Activity:
Write out the listing below without alteration, omitting its pictures.

Records supplied:
##########
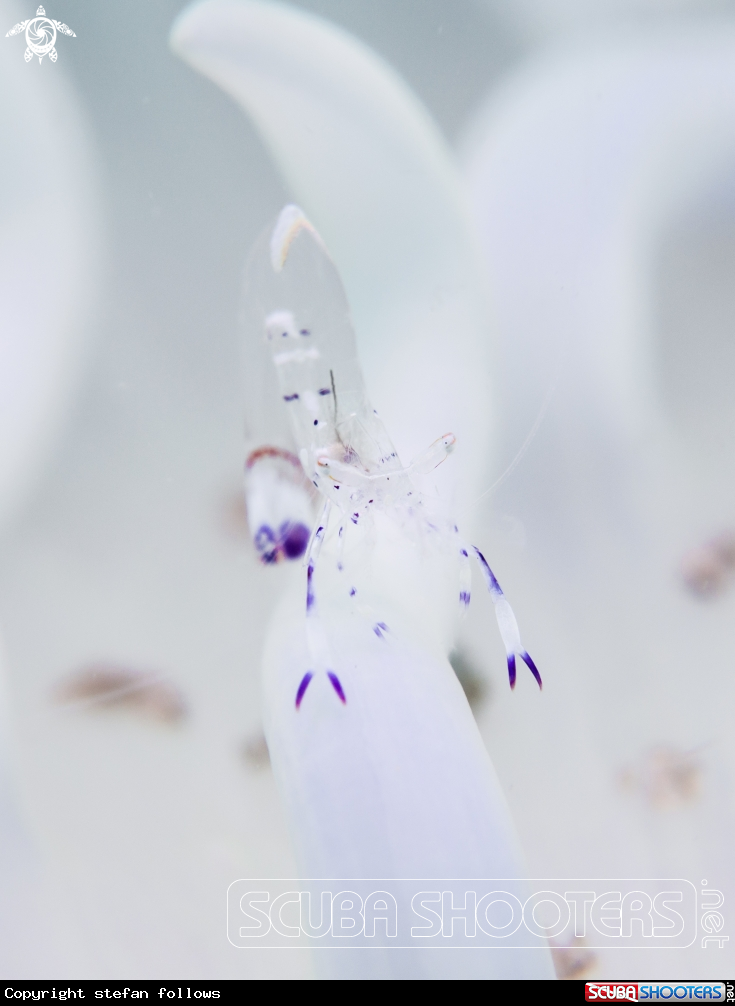 A Anemone Shrimp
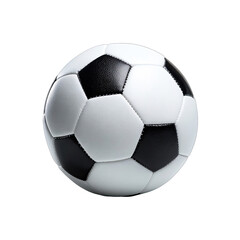 Soccer ball, black and white panels (1)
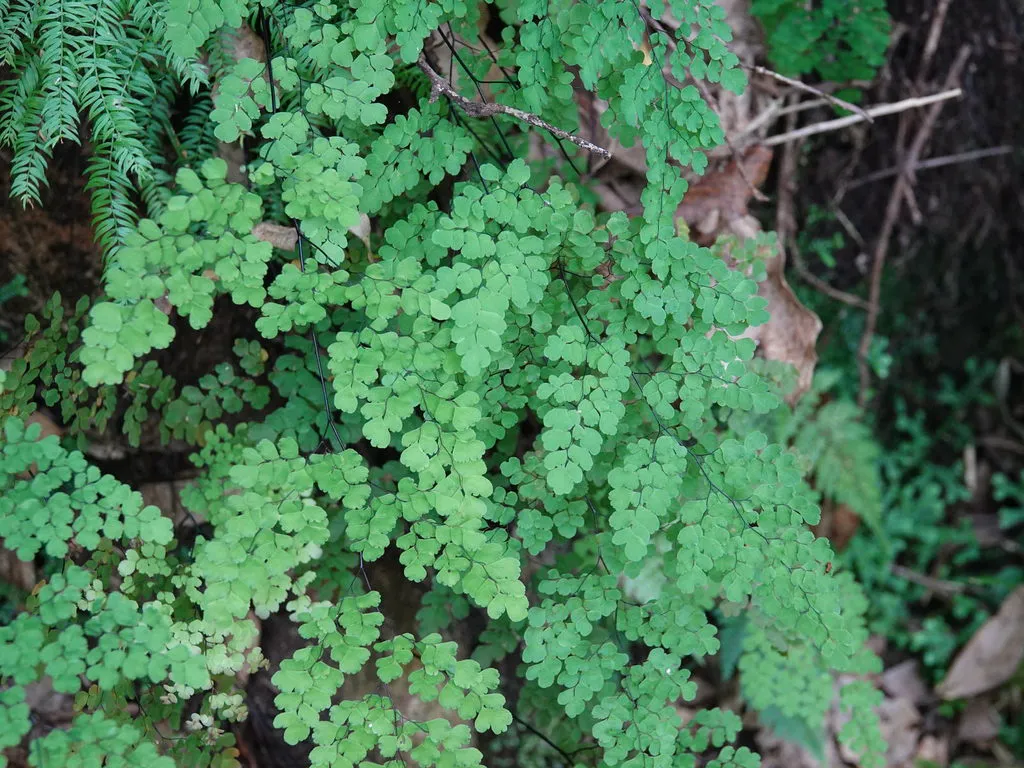 Maidenhair fern with lush cascading green fronds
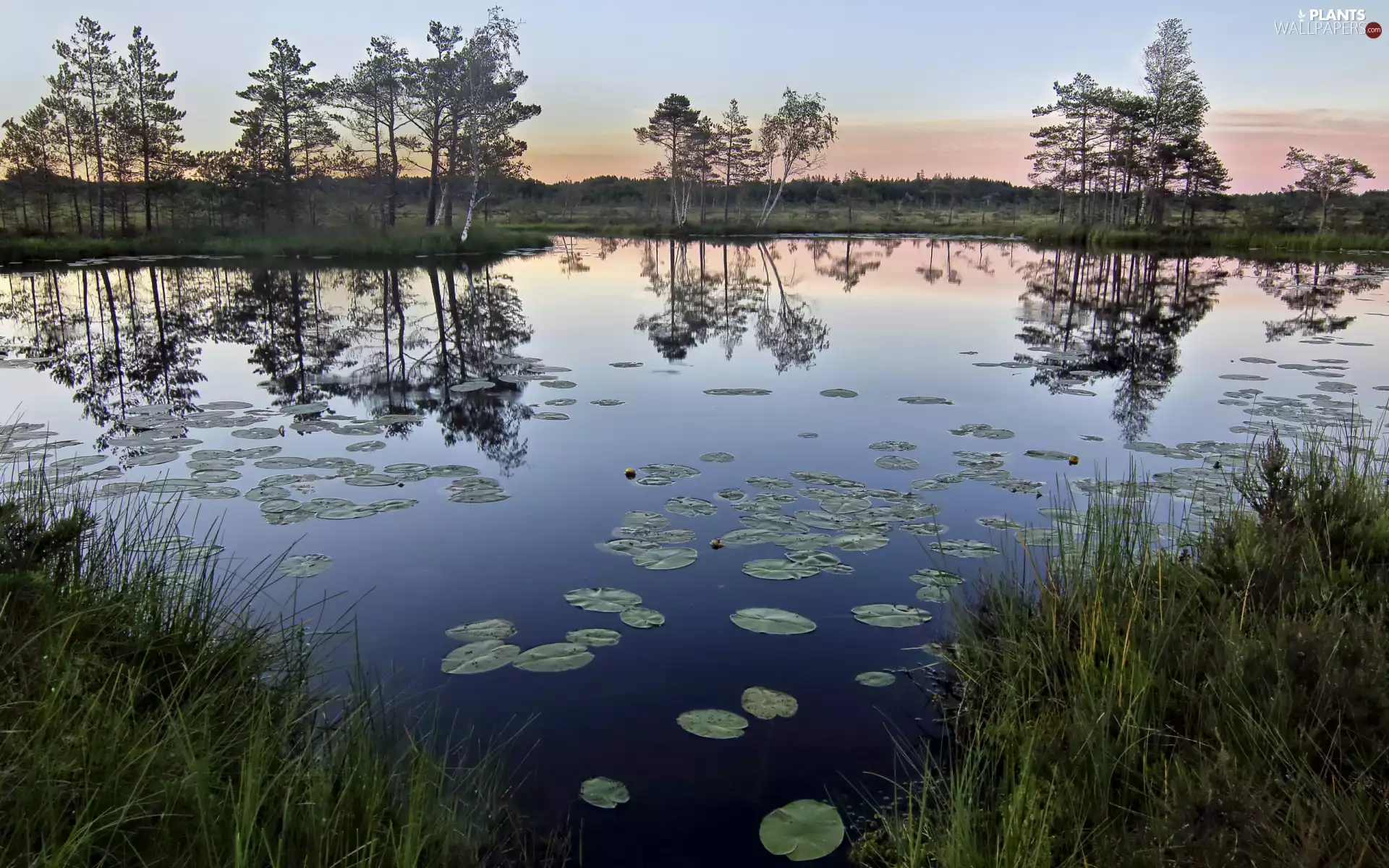 trees, lake, reflection, grass, viewes, Leaf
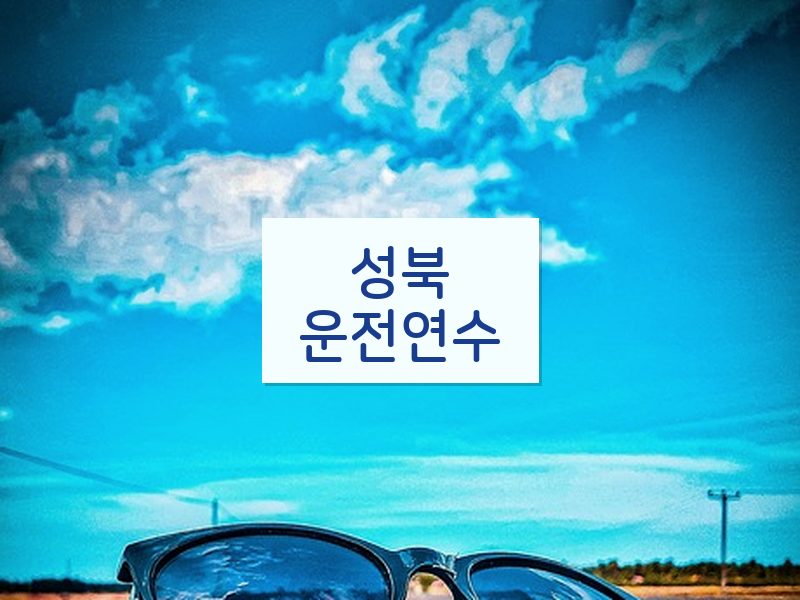 성북운전연수 후기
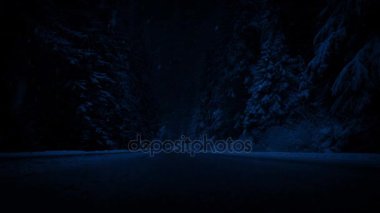 Ormanda kar yağışı gece yolda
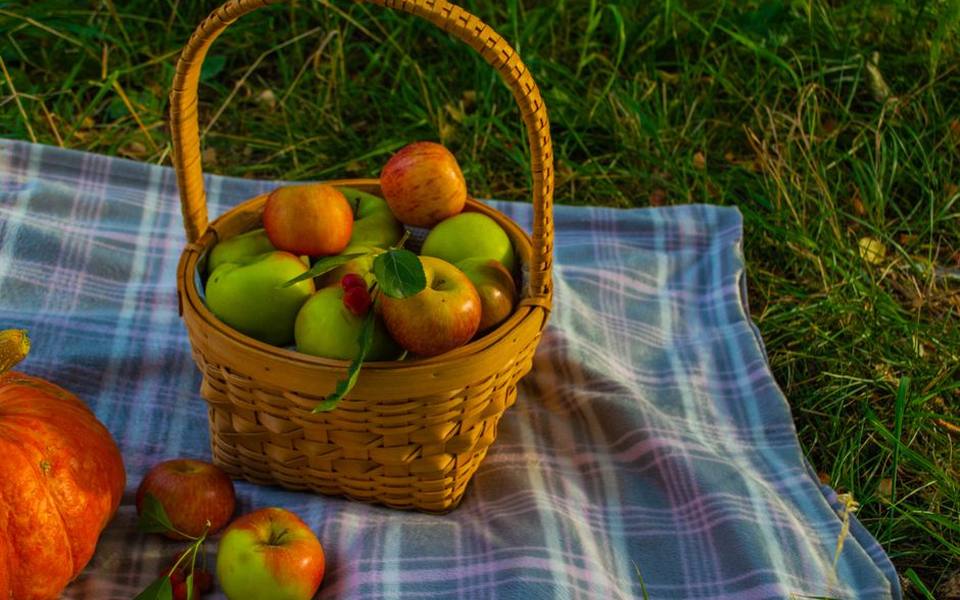 Proper Tree Picking Technique and Orchard Etiquette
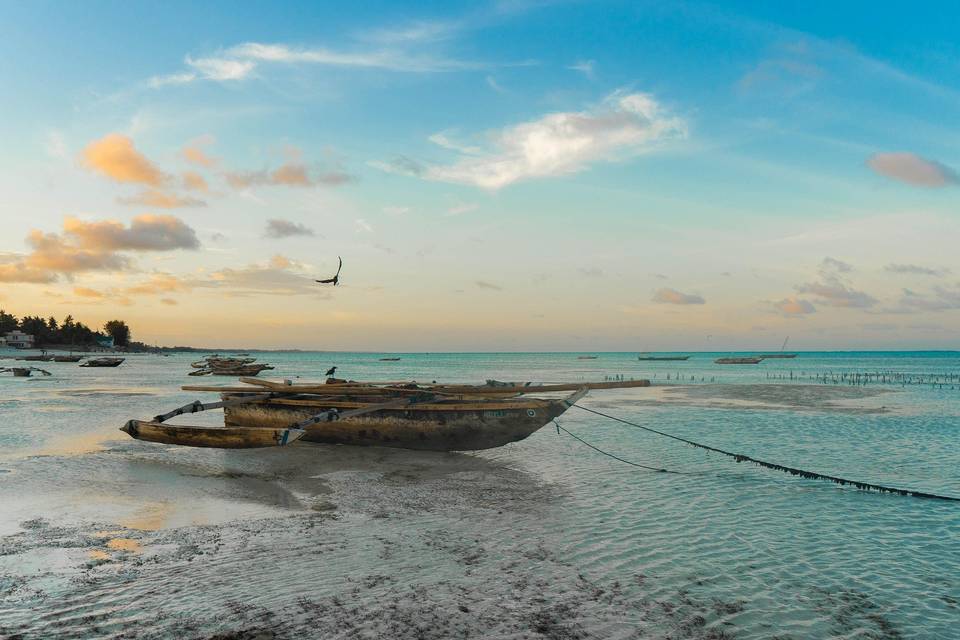 Paraiso africano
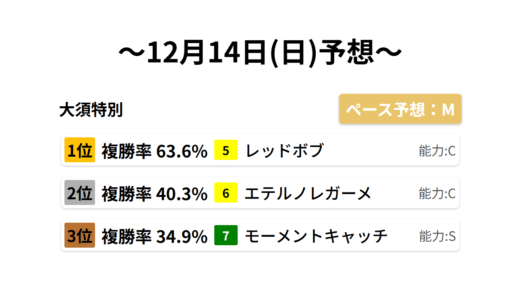 大須特別 データサイエンス競馬予想-12月14日(日)-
##########
Solution:
 A Anemone Shrimp
 Soccer ball, black and white panels (1)
 Maidenhair fern with lush cascading green fronds
 trees, lake, reflection, grass, viewes, Leaf
 성북운전연수 후기
 Ormanda kar yağışı gece yolda
 Proper Tree Picking Technique and Orchard Etiquette
 Paraiso africano
 大須特別 データサイエンス競馬予想-12月14日(日)-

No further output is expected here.